Pero no todos sus decesos fueron tan grandilocuentes y trascendentales, porque Fidel Castro también sufrió muchísimas muertes cotidianas durante esas décadas oscuras: murió cada vez que un cubano fue humillado en la puerta de un hotel prohibido o de una de aquellas diplotiendas elitistas; cada vez que se separó una familia o que se perdió una vida en el mar por no existir modo legal para emigrar de su prisión; cada vez que se castigó la sinceridad y se preconizó, bajo su égida personal, la hipocresía y la doblez; cada vez que se apaleó a algún cubano indefenso que intentaba ejercer los derechos prohibidos, cada vez que se perpetraba un mitin de repudio; moría cada vez que se aprisionaba a un padre o se secuestraba el futuro a alguno de sus hijos; el gran dictador también murió ante cada sueño truncado y ante cada plato vacío.

No obstante, es seguro que cuando se anuncie finalmente la muerte de Fidel Castro –la de sus despojos físicos, quiero decir– la noticia ocupará titulares en los cuatro puntos cardinales. Entonces cada consejo editorial o columnista debería tomarse su tiempo de reflexión, porque más allá de todo el amor o el odio que generara el sempiterno barbudo, se impone que aprendamos de una vez por todas la lección para que ningún otro pueblo, jamás, bajo absolutamente ninguna circunstancia o latitud, vuelva a depositar un poder semejante en manos de un solo hombre, por más bella, justa o sublime que parezca ser la causa que propone.

Pero cuando sufrirá Fidel Castro su definitiva muerte será ese día inevitable en que Cuba amanezca bajo el sol de la verdad, y se destape con su luz la caja de Pandora: sólo para entonces podremos conocer la magnitud exacta de su megalomanía, repasar su verdadero rostro, la mascarada oculta bajo tantas décadas de retórica ficticia, de culto desmedido a una personalidad con hábitos enfermizos y generadora de una caracteropatía que se extrapoló al funcionamiento de toda una sociedad por más de medio siglo. Aquel que soñó con pasar por genio no dejó tras su paso infecundo más que un país en la más absurda ruina económica y –lo cual es muchísimo más grave aún– hundido en un abismo de ruinas morales, y si el evangelio asegura que “por sus frutos los conocerás”, entonces para ese día, en que ya sí morirá definitivamente, mi pueblo calibrará por fin en todo su alcance su traición y su proverbial demagogia.

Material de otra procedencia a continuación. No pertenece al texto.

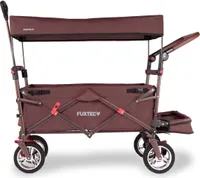 FUXTEC Bollerwagen FX-CT800 mit UV-geschütztem Sonnendach,Schiebegriff & Innenraumverlängerung Braun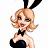 Pixelated cartoon character with bunny ears and black outfit on left, green text logo on right against dark background.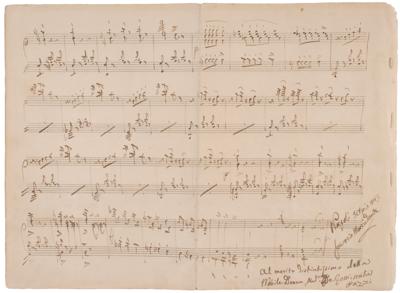 Lot #497 Saverio Mercadante Autograph Musical Manuscript - Image 4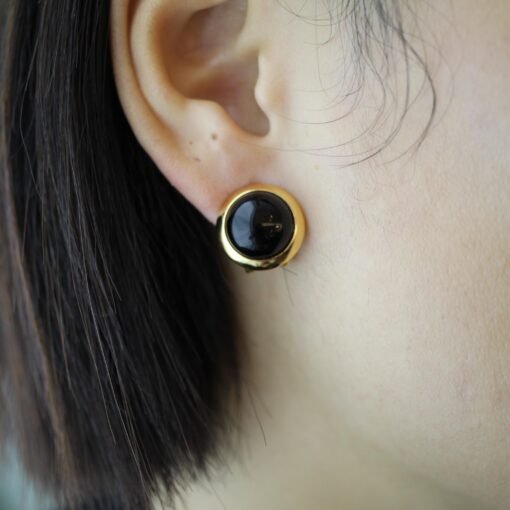 Unique Round Black Agate Stud Earrings silver|Natural Black Agate Earrings Women|Bezel Set Black Agate Jewelry|Modern Real Gemstone Earrings - Image 7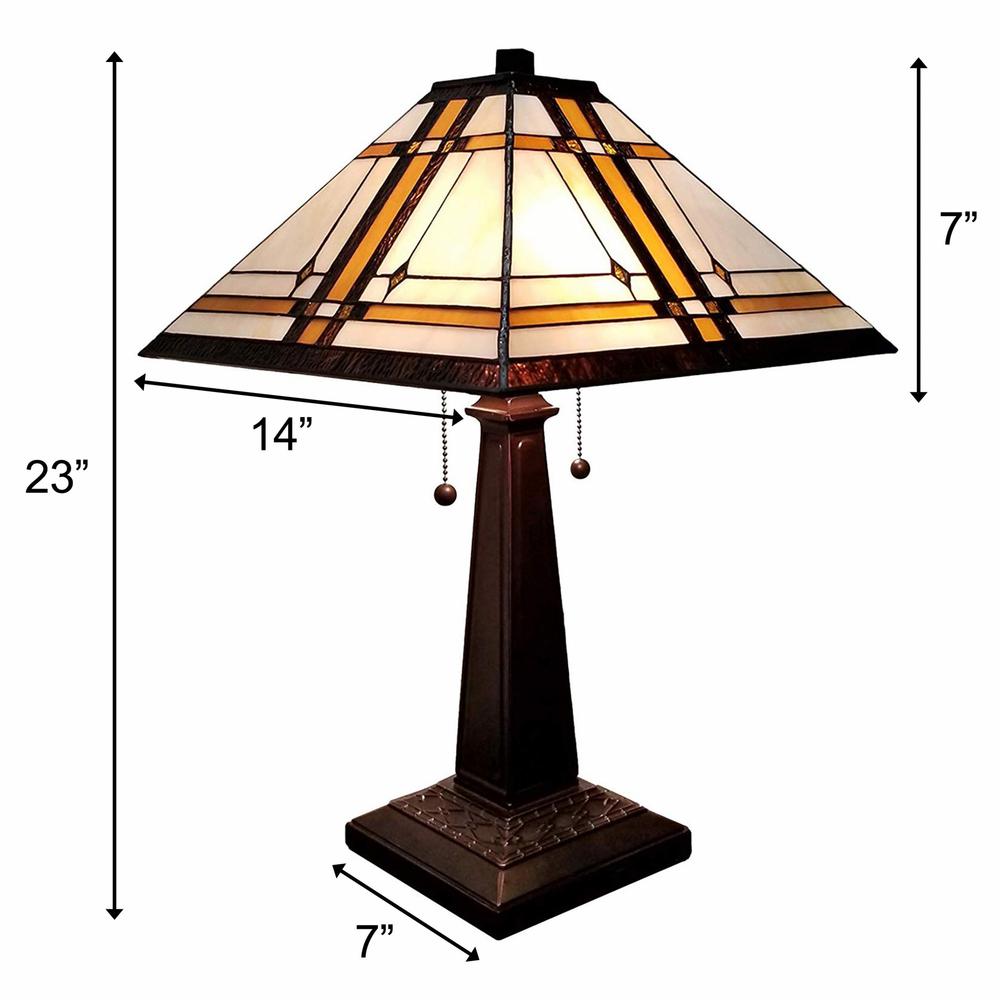 23" White Amber and Brown Stained Glass Two Light Mission Style Table Lamp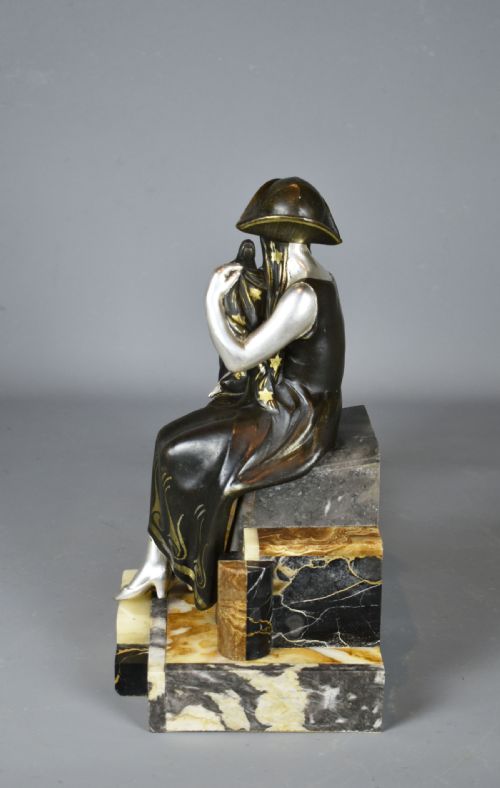 FRENCH ART DECO SCULPTURE OF LADY AND GAZELLE 1920 - ADDITIONAL PHOTO 4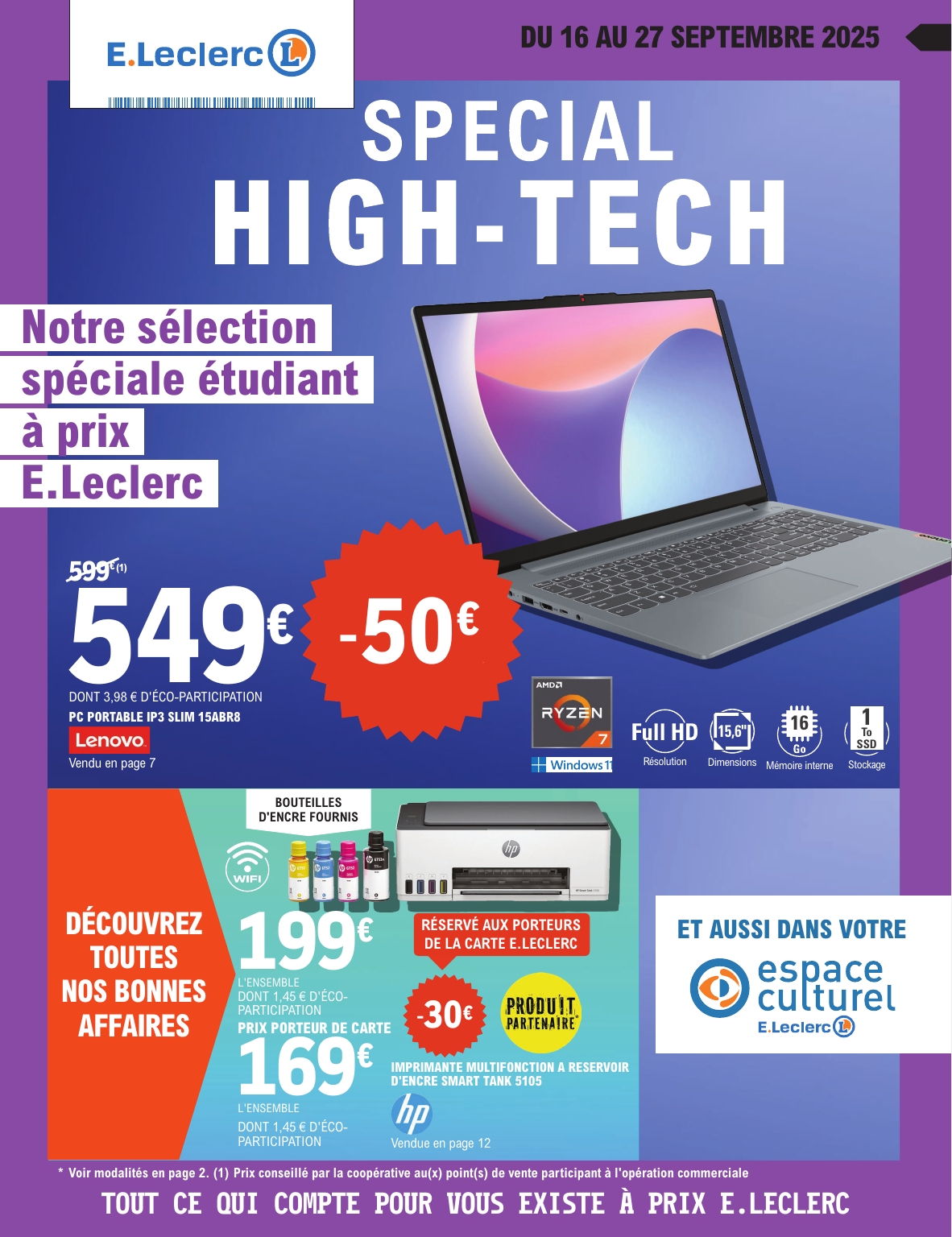 e-leclerc - Catalogue E.Leclerc - Spécial High Tech valable du 16/09 au 27/09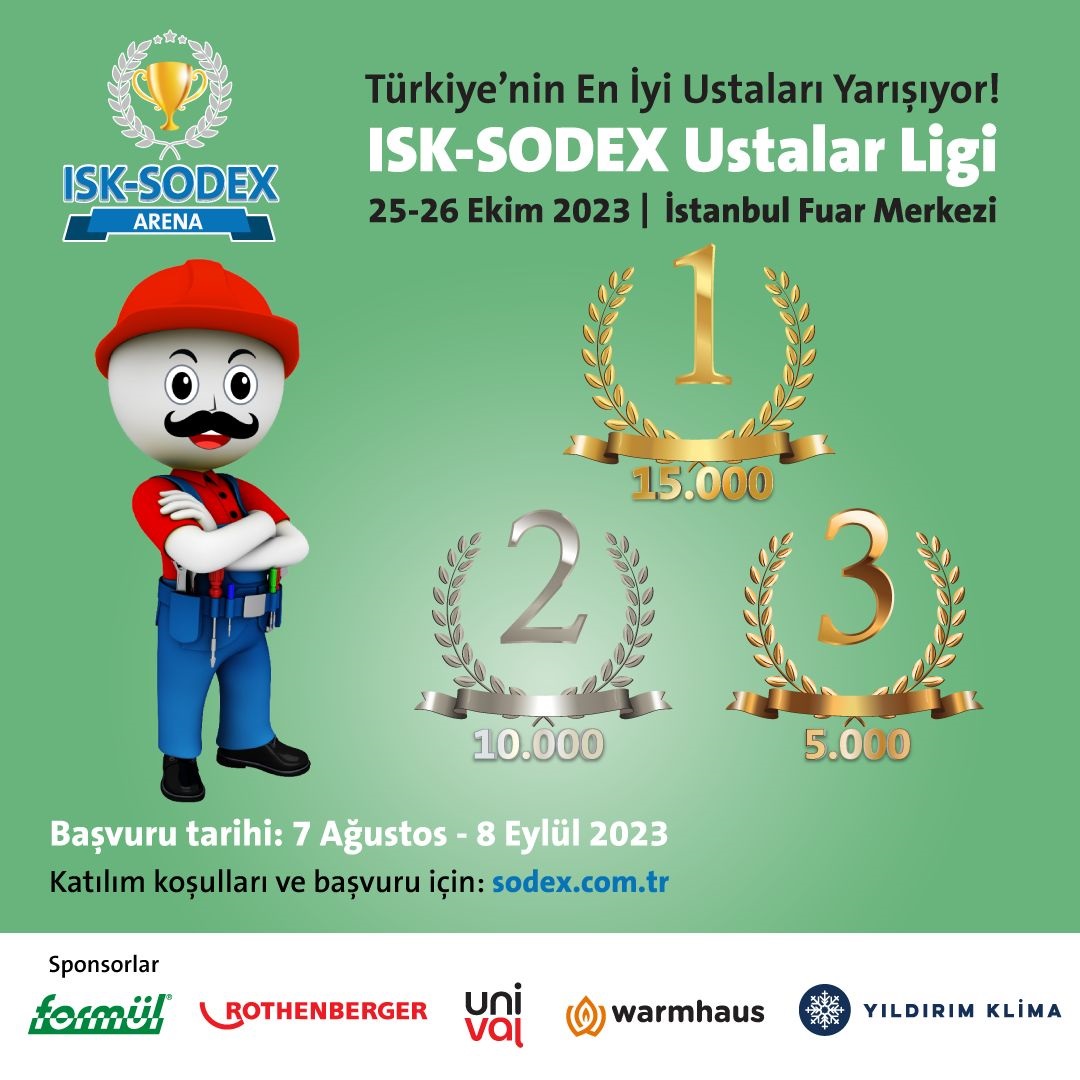 ISK-SODEX ARENA, Ustalar Ligi ve Geleceğin Ustaları yarışmaları ile sektörün en iyilerini ve geleceğin ustalarını belirleyecek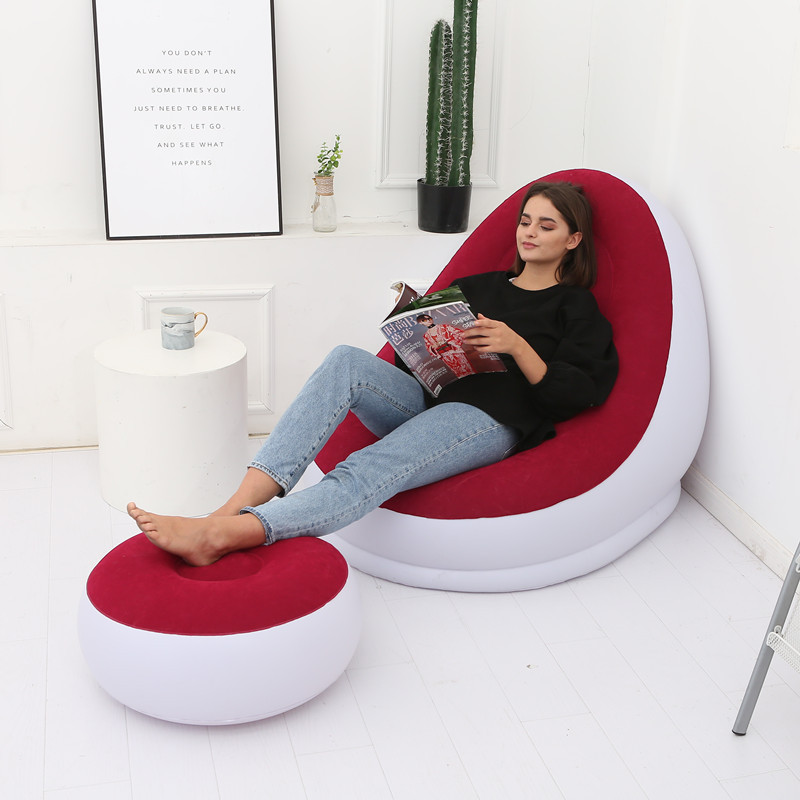 新款欧美式充气沙发带脚垫懒人沙发植绒沙发床户外家具便捷式图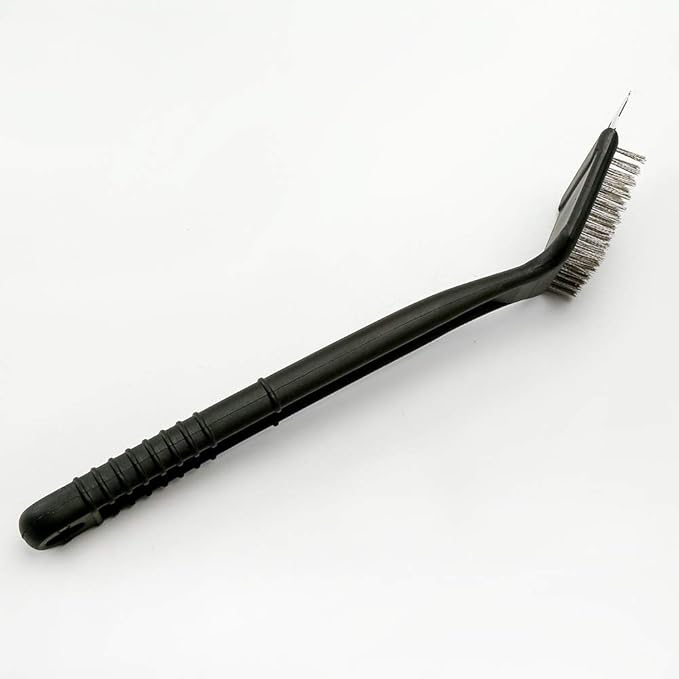 Stainless Steel Bird Droppings Cleaning Brush with Scraper, Long Handle Birdcage Cleaner Tool for Parrot Pet Cage Accessories, Poop Remover(Black)
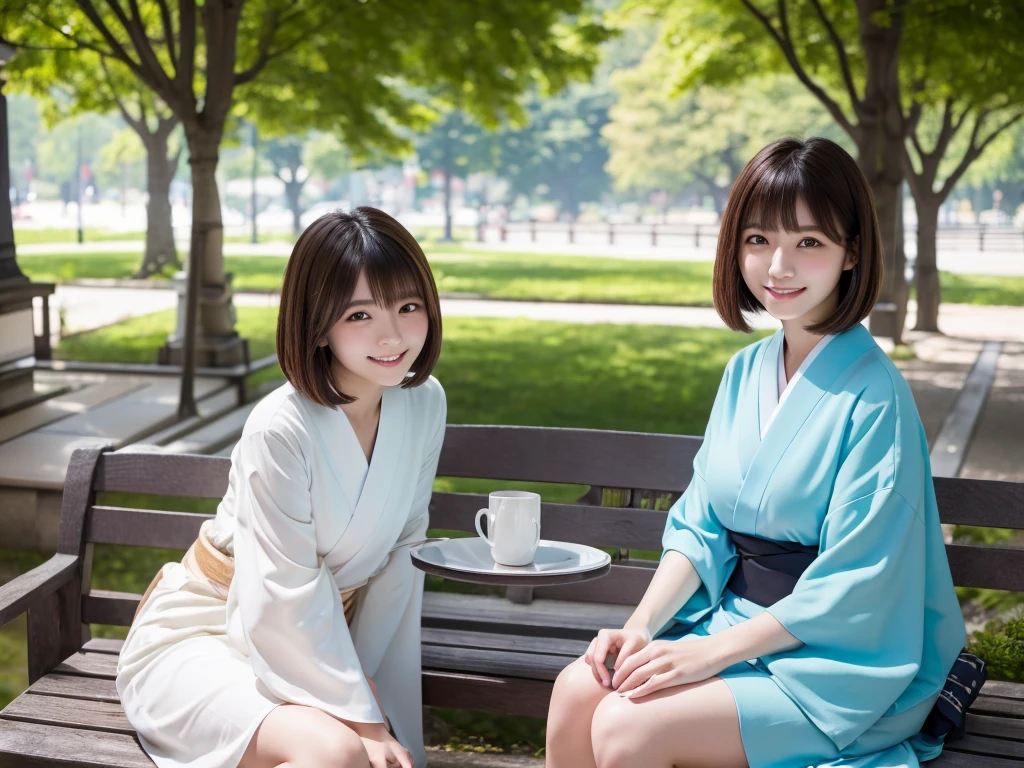 (best quality:1.2), masterpiece, Realistic, Ultra-high resolution, (((1 Japanese woman:1.2))), 17 years old, Bobcut, wearing write camisole, smile, Park during the day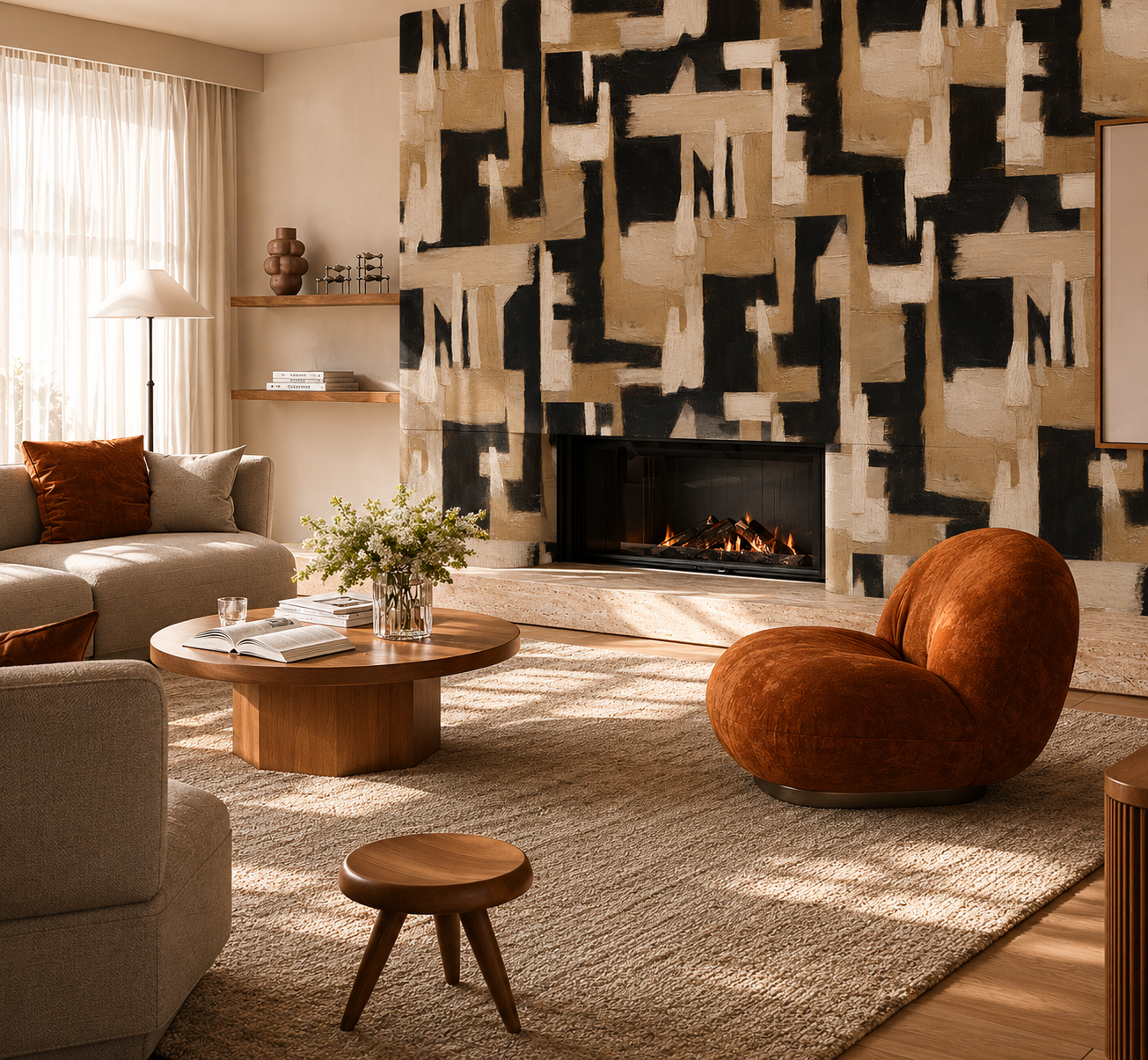 Abstract Geometry Wallpaper – Warm Beige & Black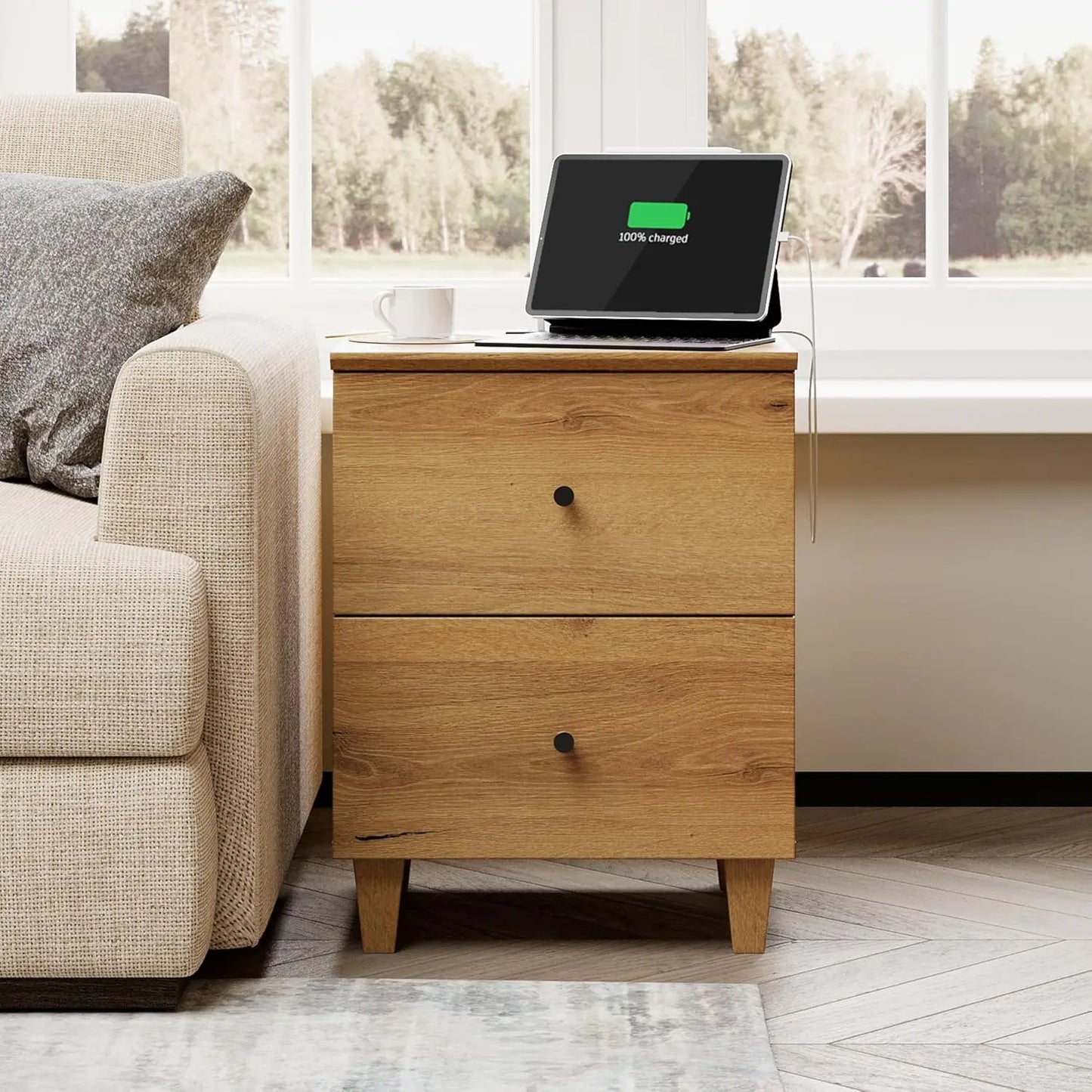 NONED Nightstand With Charging Station And Two Drawers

Precisamente en estos días que se pacta a su alrededor un ridículo mutismo ante hechos de indiscutible trascendencia, cuando muchos bromean con la idea de su muerte o su tácitamente aceptada decrepitud, elevo yo al cielo mi plegaria: deseo que Dios le ofrezca muchos años más de vida, los suficientes para que cualquier día de nuestro futuro cercano también le conceda, de vez en cuando, en medio de su merecida niebla mental, alguna que otra laguna de absoluta lucidez; le suplicaría por esos días, o minutos, de lucidez total para el tirano, pero eso sí, que le basten al que tanto nos dañó para percibir diáfanamente cómo mi país y mi pueblo se levantaron de las ruinas apenas ellos se apartaron; cómo todo tiempo futuro fue ciertamente mejor una vez emancipada la patria de su despotismo. Esos pocos días de lucidez le pediría a Dios antes que devuelva al polvo lo que polvo fue, para que luego le hunda nuevamente en las tinieblas donde chochará sin gloria rumiando su definitiva derrota. Entonces sí partiría Fidel Castro a la eternidad de miserias que merece, como un tenue y penoso recuerdo… y no precisamente absuelto por la Historia.